**MATERIAL PROVIDED:**
=-=-=-=-=

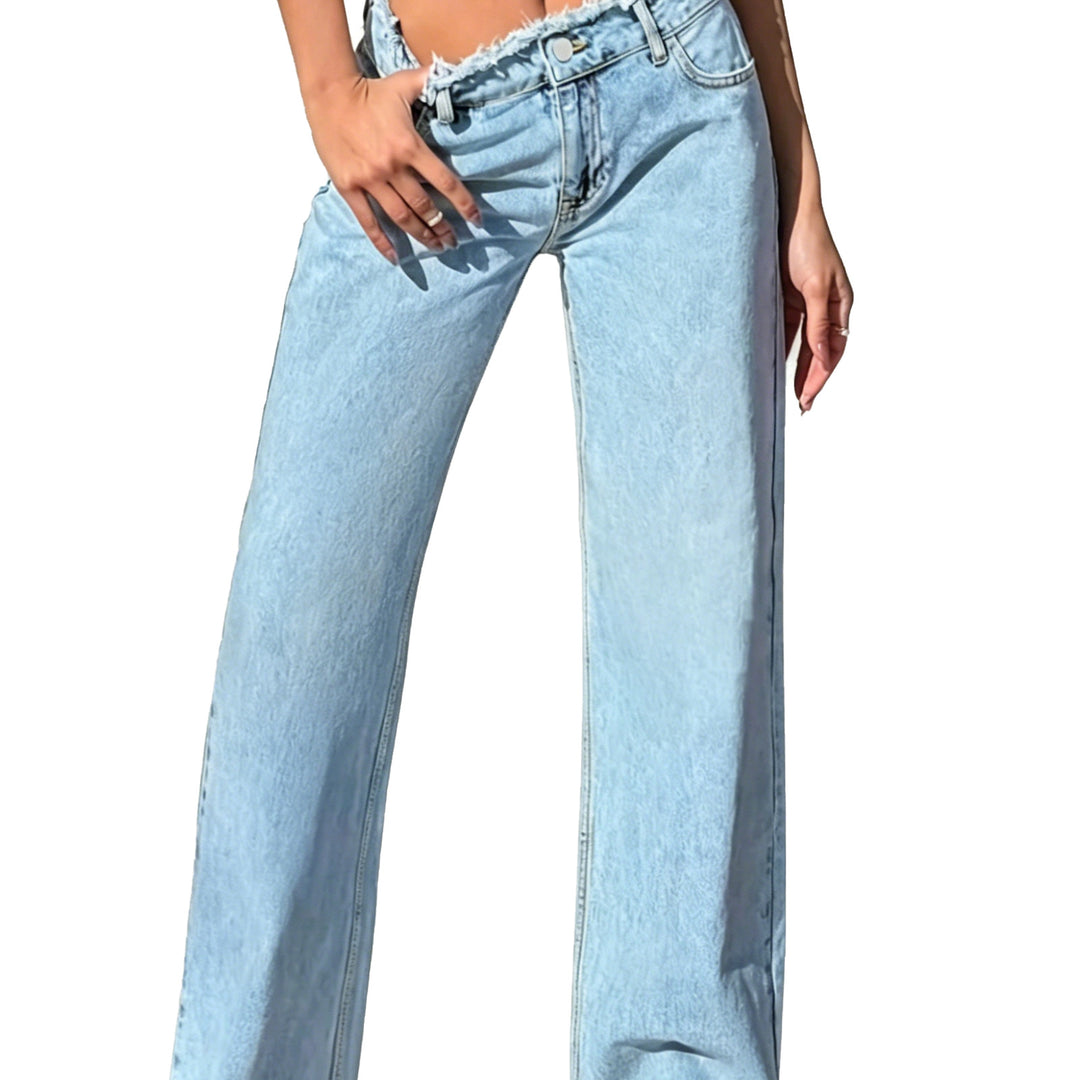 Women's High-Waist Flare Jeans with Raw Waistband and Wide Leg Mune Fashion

=-=-=-=-=

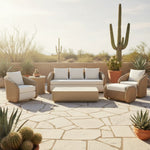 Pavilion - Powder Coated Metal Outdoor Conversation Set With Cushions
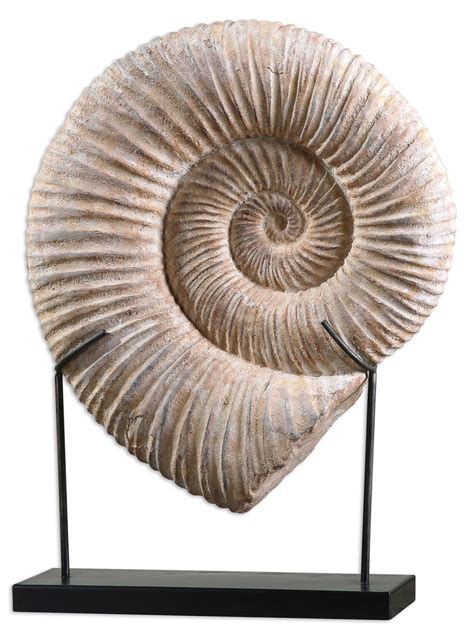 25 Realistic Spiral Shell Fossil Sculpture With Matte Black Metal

=-=-=-=-=

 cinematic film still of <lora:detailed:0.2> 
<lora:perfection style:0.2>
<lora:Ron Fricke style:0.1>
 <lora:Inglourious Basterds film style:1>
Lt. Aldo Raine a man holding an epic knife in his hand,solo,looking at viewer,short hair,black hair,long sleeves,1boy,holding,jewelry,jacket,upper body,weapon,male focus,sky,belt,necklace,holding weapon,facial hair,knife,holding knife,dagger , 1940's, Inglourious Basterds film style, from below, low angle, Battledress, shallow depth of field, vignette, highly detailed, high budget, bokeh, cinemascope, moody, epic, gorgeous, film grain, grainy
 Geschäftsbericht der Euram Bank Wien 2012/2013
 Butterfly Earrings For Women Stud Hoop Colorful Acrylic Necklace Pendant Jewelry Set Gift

=-=-=-=-=

**TASK TO CARRY OUT:** For this exercise, output exactly the lines above from the line with "Geschäftsbericht der Euram" to the line with "Butterfly Earrings For", counting both, and leave out the rest.

**SOLVED PROBLEM:**
 Geschäftsbericht der Euram Bank Wien 2012/2013
 Butterfly Earrings For Women Stud Hoop Colorful Acrylic Necklace Pendant Jewelry Set Gift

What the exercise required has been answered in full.